Fue entonces que Jaime Fernández tuvo una ocurrencia. Le preguntó al obispo de Valparaíso Francisco de Borja Valenzuela, la autoridad que lo había encomendado, qué deseaba que la Virgen comunicara a través de Miguel Ángel, en sus habituales contactos de los jueves.
“Que hable del Apocalipsis”, sugirió el alto jefe religioso.
Fernández invitó a cenar al joven vidente. En la mesa le preguntó si acaso la madre de Jesús se había referido al Apocalipsis, en alguno de sus numerosos contactos. Según el sacerdote, Miguel Ángel ni siquiera conocía el término. Fernández citó entonces algunas referencias al fin de los tiempos, señalando con exactitud su ubicación en las escrituras.
A la semana siguiente, la Virgen de Peñablanca habló del Apocalipsis. Las citas eran exactamente las mismas que el sacerdote había mencionado.
Comer tierra y mirar al sol
Los reportes de la época de Televisión Nacional de Chile decían que, entre diversos mensajes de la Virgen a través de Miguel Ángel, los rusos enfrentarían prontamente un proceso “de conversión”. La divinidad también desaconsejó las protestas con cacerolas que comenzaron a arreciar ese año con la banca chilena al borde del colapso, en tanto la inflación se encumbraba en un 23,1%.
El 8 de diciembre, Miguel Ángel habría sostenido bajo el mentón una vela encendida por más de 20 minutos, sin quemarse. Los episodios milagrosos, según sus partidarios, se multiplicaron. El vidente caía violentamente de rodillas, arqueaba la espalda y parecía sangrar de la cabeza sin razón. El sacerdote Fernández advirtió que la sangre no era tal, sino que se trataba de un líquido contenido en unas minúsculas bolsitas que Miguel Angel discretamente reventaba en su cuero cabelludo.
La gente, completamente absorta, cumplía con los mandamientos de la Virgen en boca del vidente, por estrafalarios que fueran. Comer tierra y mirar directamente al sol, eran algunas de sus insólitas órdenes. La Virgen también le pidió que se disfrazara, y fue así como un día Miguel Ángel llegó vestido de niño explorador.
El 6 de septiembre de 1984, el arzobispado de Valparaíso dictaminó que las apariciones eran falsas.
“¿Estás bien, hija mía?”
La Virgen completó más de 400 contactos con Miguel Ángel Poblete, hasta que en 1987 anunció que vendría una gran prueba colectiva, una instancia para remecer la fe. El 12 de junio de 1988, a exactos cinco años del primer contacto tras aspirar neoprén, la Virgen apareció por última vez en Peñablanca.
Miguel Ángel viajó a Perú para iniciar un tratamiento hormonal. Al poco tiempo se contactó con un matrimonio profundamente católico, que de tanto en tanto lo acogía. Emocionado, el joven reveló que le estaba creciendo el busto.

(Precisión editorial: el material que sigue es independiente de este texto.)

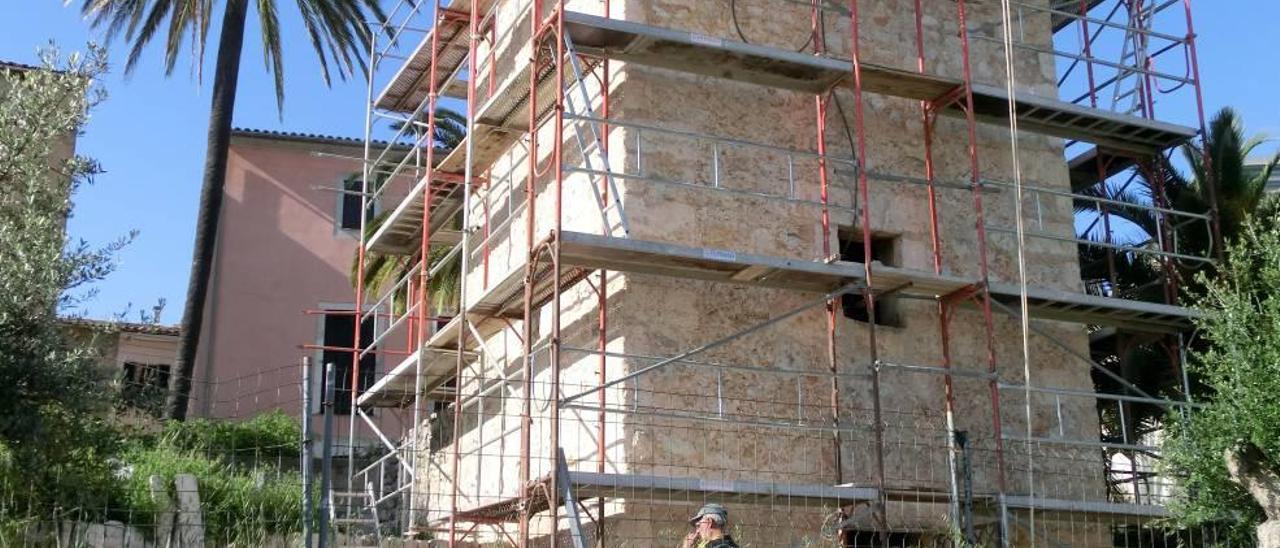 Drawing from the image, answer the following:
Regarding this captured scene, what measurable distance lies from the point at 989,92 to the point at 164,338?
17.6m

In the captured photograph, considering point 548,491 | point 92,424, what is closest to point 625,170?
point 548,491

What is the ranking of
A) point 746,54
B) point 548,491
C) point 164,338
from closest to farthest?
point 548,491, point 746,54, point 164,338

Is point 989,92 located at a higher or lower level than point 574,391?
higher

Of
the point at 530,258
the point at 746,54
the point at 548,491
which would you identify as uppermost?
the point at 746,54

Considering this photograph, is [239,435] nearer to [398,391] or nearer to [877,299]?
[398,391]

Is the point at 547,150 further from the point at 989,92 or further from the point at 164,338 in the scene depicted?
the point at 164,338

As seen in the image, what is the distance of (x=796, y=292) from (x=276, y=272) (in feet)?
52.9

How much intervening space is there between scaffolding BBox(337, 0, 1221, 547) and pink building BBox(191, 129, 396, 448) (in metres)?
10.5

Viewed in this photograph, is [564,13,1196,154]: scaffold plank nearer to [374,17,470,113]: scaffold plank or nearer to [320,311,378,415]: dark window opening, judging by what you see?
[374,17,470,113]: scaffold plank

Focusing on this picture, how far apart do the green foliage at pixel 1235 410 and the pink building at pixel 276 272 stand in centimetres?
1614

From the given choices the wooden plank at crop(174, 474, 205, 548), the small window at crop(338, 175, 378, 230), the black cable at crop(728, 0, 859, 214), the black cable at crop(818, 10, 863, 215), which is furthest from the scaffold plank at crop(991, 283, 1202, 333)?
the small window at crop(338, 175, 378, 230)

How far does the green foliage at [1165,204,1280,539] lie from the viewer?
510 inches

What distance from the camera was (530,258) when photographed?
1318cm

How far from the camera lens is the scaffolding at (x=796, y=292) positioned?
13727mm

Miguel Ángel transitó hasta convertirse en mujer. Primero se llamó Ángel y luego tomó el nombre de Karol Romanoff. Bajo su nueva identidad y seguida de un séquito, se presentó en el lugar de las apariciones, cuando ya era un santuario donde los sacerdotes católicos ofrecían misas con la venia de Joseph Ratzinger antes del papado, y del cardenal Jorge Medina, a condición de no mencionar las apariciones.
Karol fue expulsada.
Pasó sus últimos años viviendo en una parcela miserable con cuatro ancianas. Los escasos animales de la propiedad, todos famélicos, estaban marcados a fuego con sus nuevas iniciales. Murió el 27 de septiembre de 2008 a los 42 años por cirrosis, a causa del alcoholismo. Jamás trabajó.
La Virgen nunca dejó de hablarle, aseguró, aunque las visitas se hicieron esporádicas.
“Aparece una vez o una vez a las 500 -contó ebria en cámara- y me dice ‘¿estás bien hija mía?’”.